Below are records with pictures. Transcribe exactly, and only, the lines from the line with "Seven-month-old Colby Jones, with" to the line with "Young girl jumping", both ends included, but not the pictures.

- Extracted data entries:
= = = = = = =

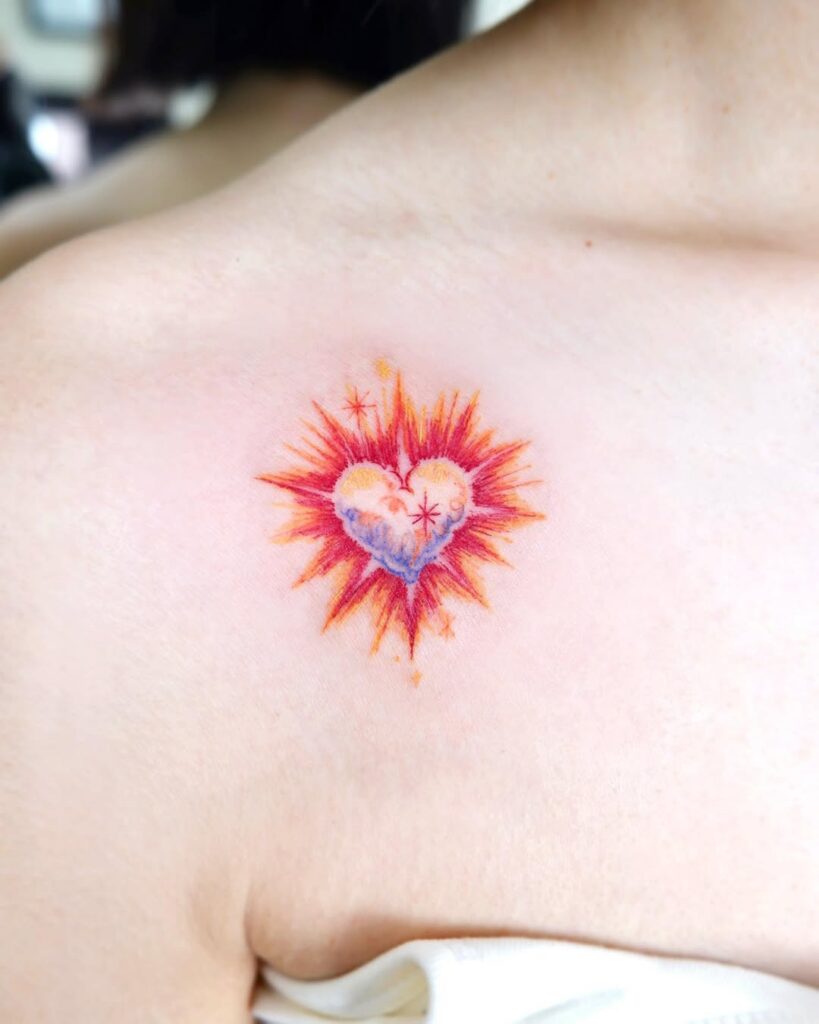 vibrant-heart-collarbone-tattoo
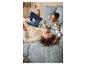 Couple souriant allongé dans un lit avec des draps fleuris et des pyjamas.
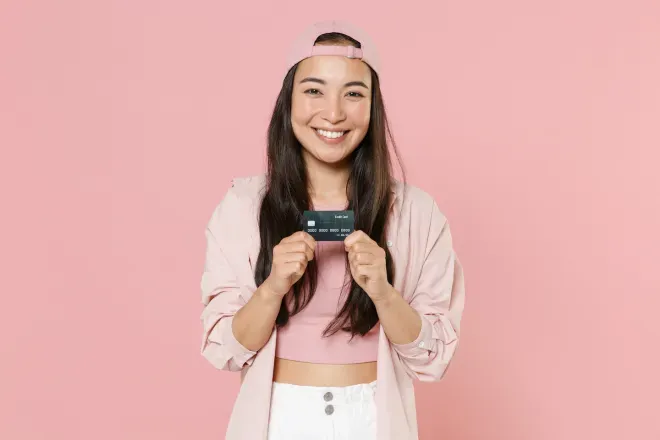 Woman holding a credit card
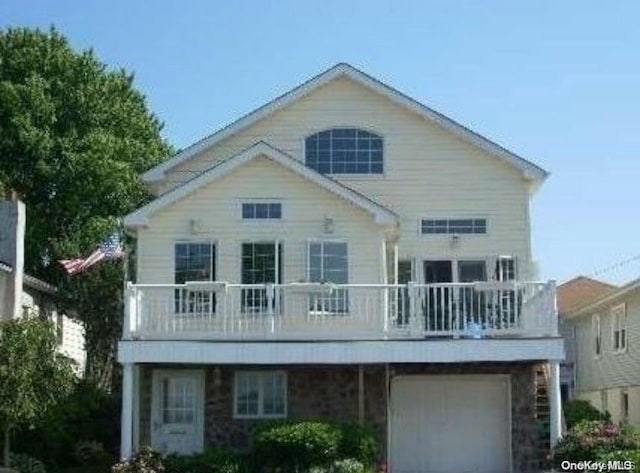 rear view of property with a garage and a balcony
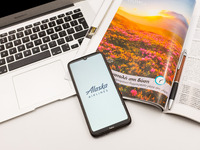 In this photo illustration an Alaska airlines logo seen displayed on a smartphone screen on a desk next to a Macbook and atravel magazine in...
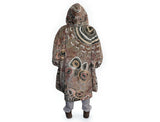 Neutral-toned oversized wearable blanket hoodie with Aboriginal-inspired pattern and front kangaroo pocket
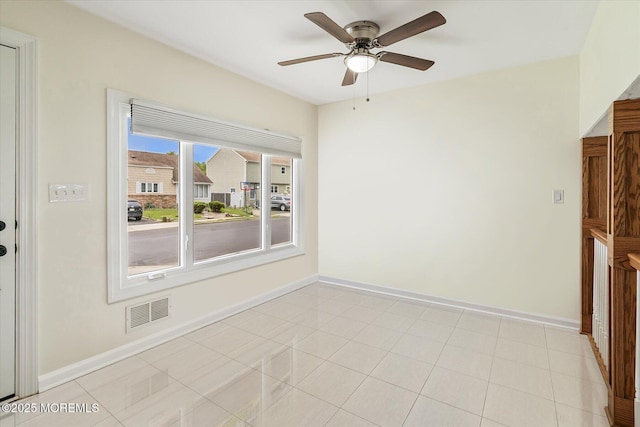 39 Scholer Dr, Union Beach, NJ 07735 - spare room featuring ceiling fan and baseboards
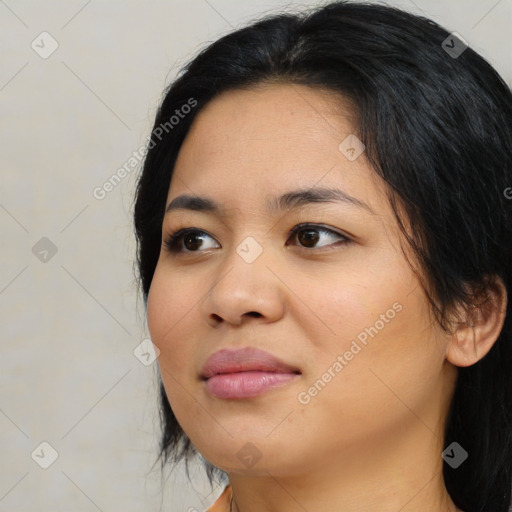 Joyful asian young-adult female with medium  black hair and brown eyes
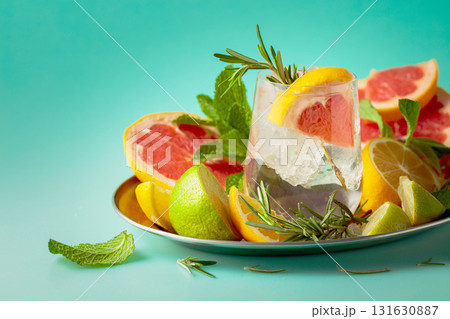 Refreshing summer drink with ice, citrus, rosemary and mint. Refreshing summer drink with ice, citrus, rosemary and mint. 131630887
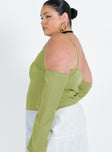 Green top Cold shoulder design Adjustable shoulder straps Fixed sleeves at side Invisible zip fastening at side Split hem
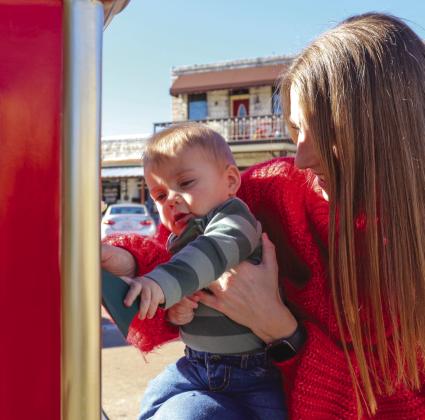 Seven-month-old Colby Jones, with the help of his mom Kristi, mailed his first letter to Santa Sunday, Dec. 17, on the Burnet County Courthouse square. Find some of the letters sent to the North Pole from local children in the B-section. Martelle Luedecke/Luedecke Photography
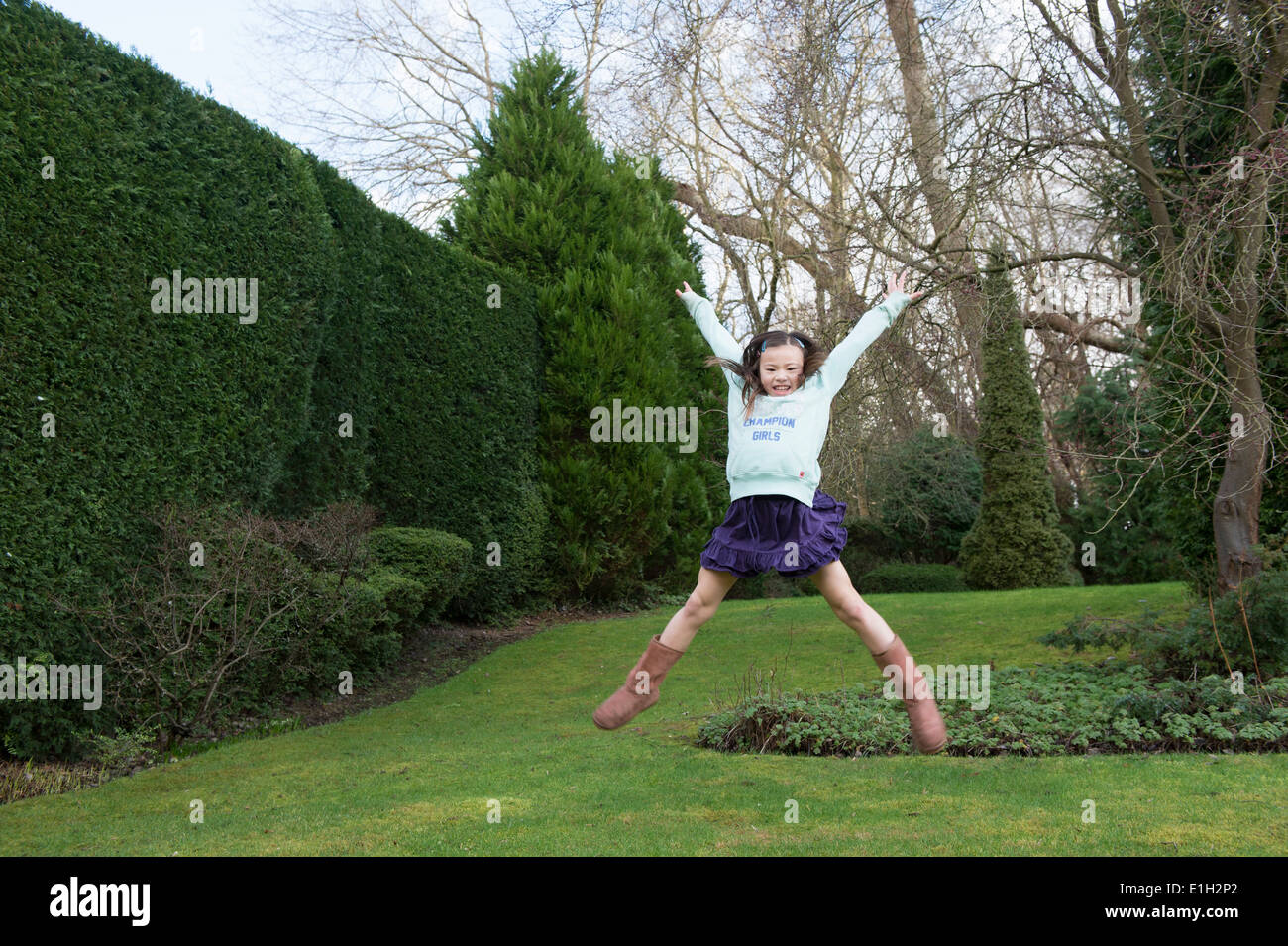 Young girl jumping mid air in garden Stock Photo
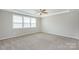 Main bedroom with carpet and ceiling fan at 256 W Waterlynn Rd, Mooresville, NC 28117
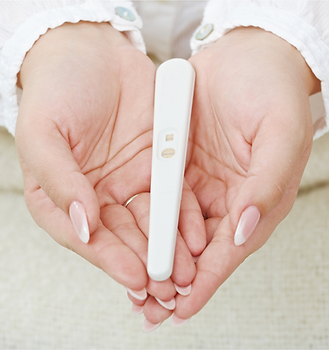 Pregnancy Test in Hands.png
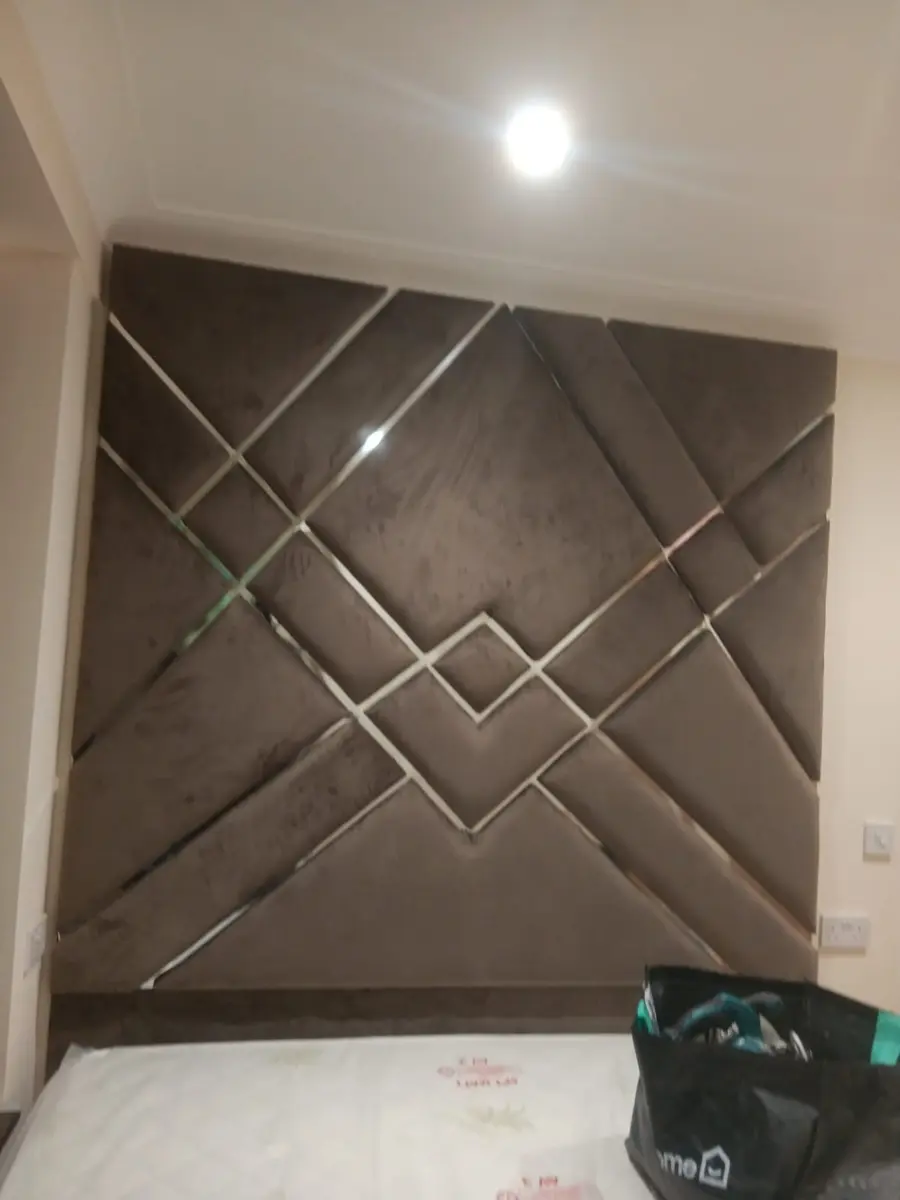 Taupe geometric headboard with metallic trim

= = = = = = =

- Problem solution:
 Seven-month-old Colby Jones, with the help of his mom Kristi, mailed his first letter to Santa Sunday, Dec. 17, on the Burnet County Courthouse square. Find some of the letters sent to the North Pole from local children in the B-section. Martelle Luedecke/Luedecke Photography
 Young girl jumping mid air in garden Stock Photo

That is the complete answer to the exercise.